>>>>
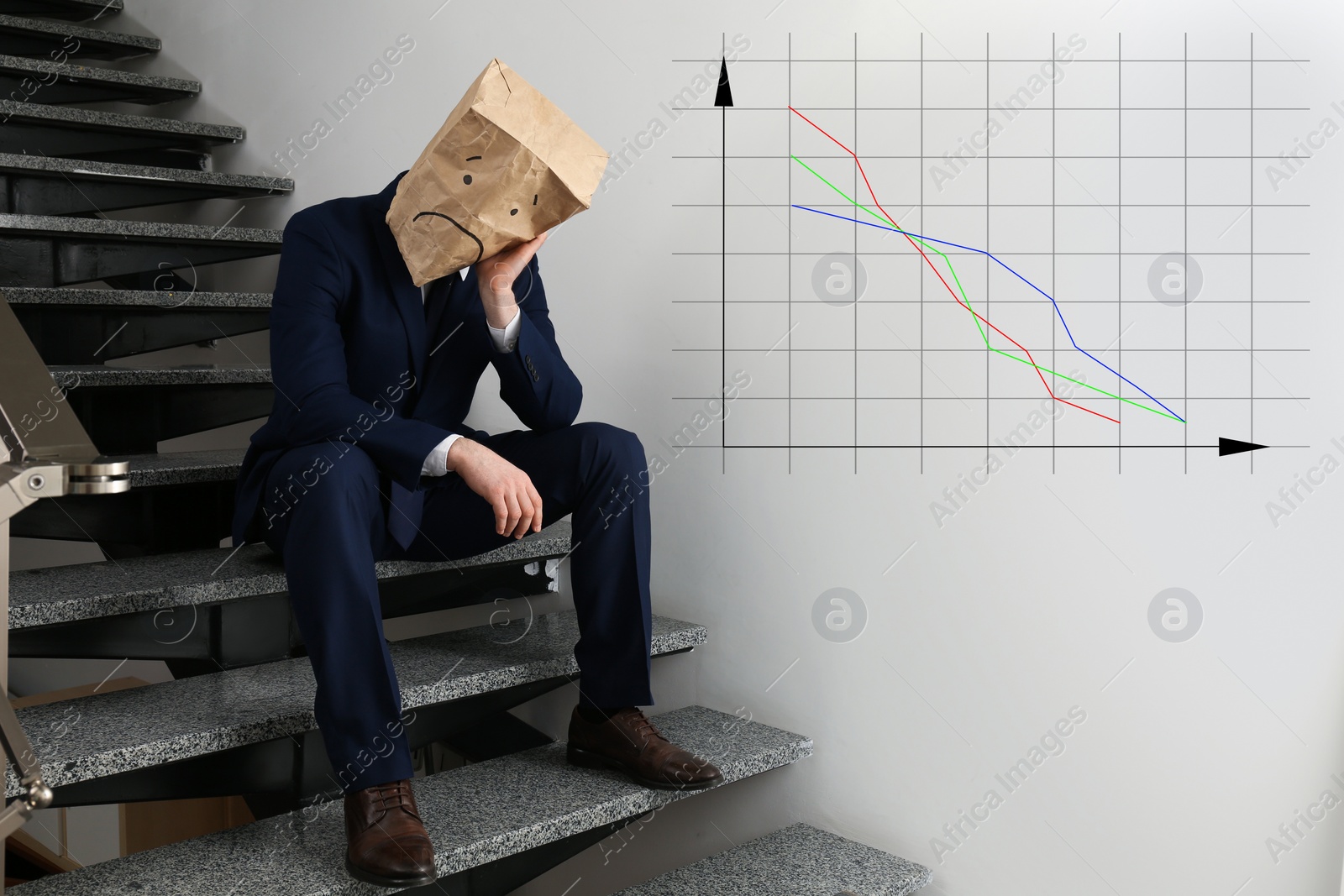 Image of Man wearing paper bag with drawn sad face indoors and illustration of falling down chart. Economy recession concept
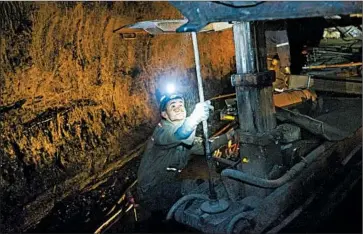  ?? DAVID GOLDMAN/AP PHOTOS ?? A miner works in a Yukon, W.Va., coal mine, where there is new hope after the Supreme Court delayed an EPA mandate.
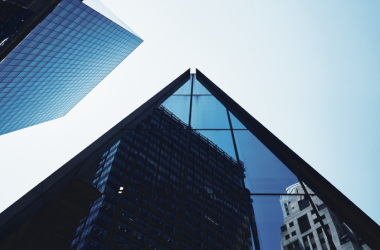 Couple reviewing document with Investment Advisor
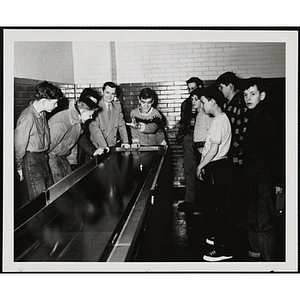 A boy plays a table game as a man and other boys look on in the South Boston Clubhouse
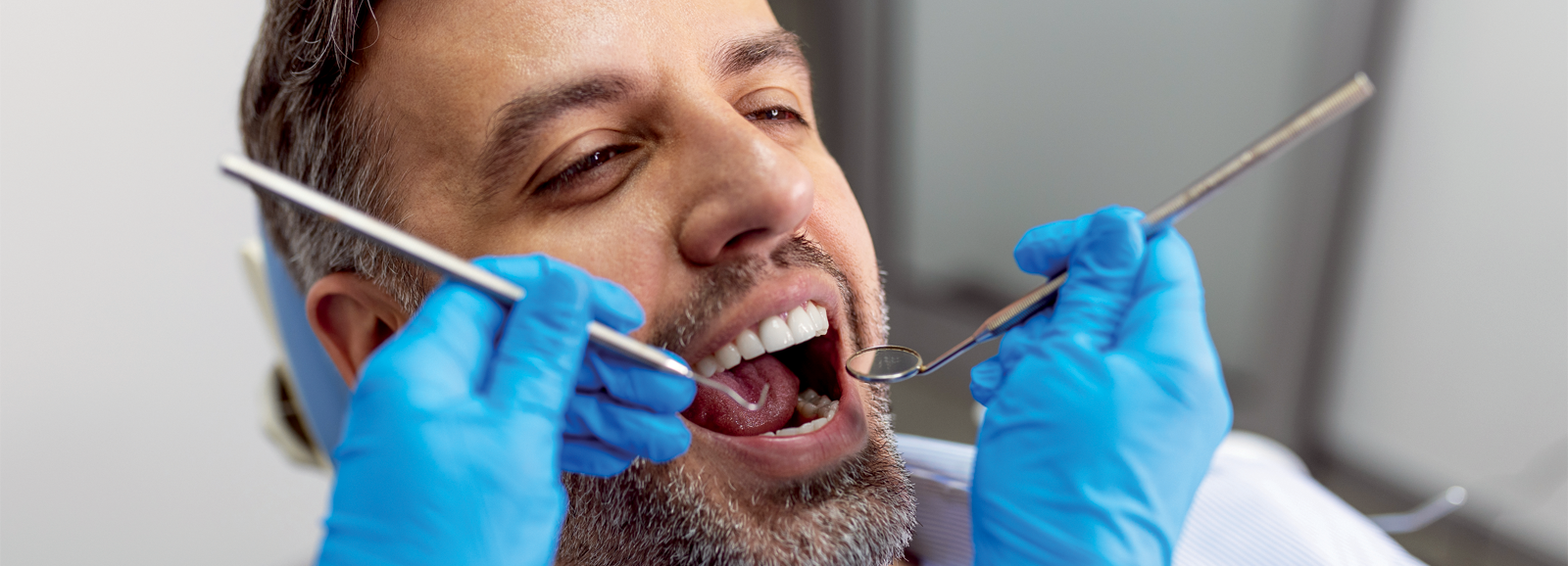 man-at-the-dentist-1600x578.png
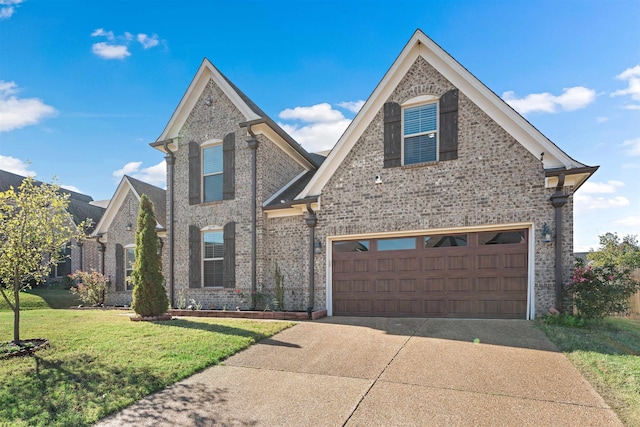 view of front of property with a front lawn and a garage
<<<<
Aim of the exercise :: Reproduce only the lines from the first line of the entries through the line containing "Couple reviewing document", exactly and with both ends kept. Omit the pictures.

Result for this task ::
 Image of Man wearing paper bag with drawn sad face indoors and illustration of falling down chart. Economy recession concept
  ?? DAVID GOLDMAN/AP PHOTOS ?? A miner works in a Yukon, W.Va., coal mine, where there is new hope after the Supreme Court delayed an EPA mandate.
 Couple reviewing document with Investment Advisor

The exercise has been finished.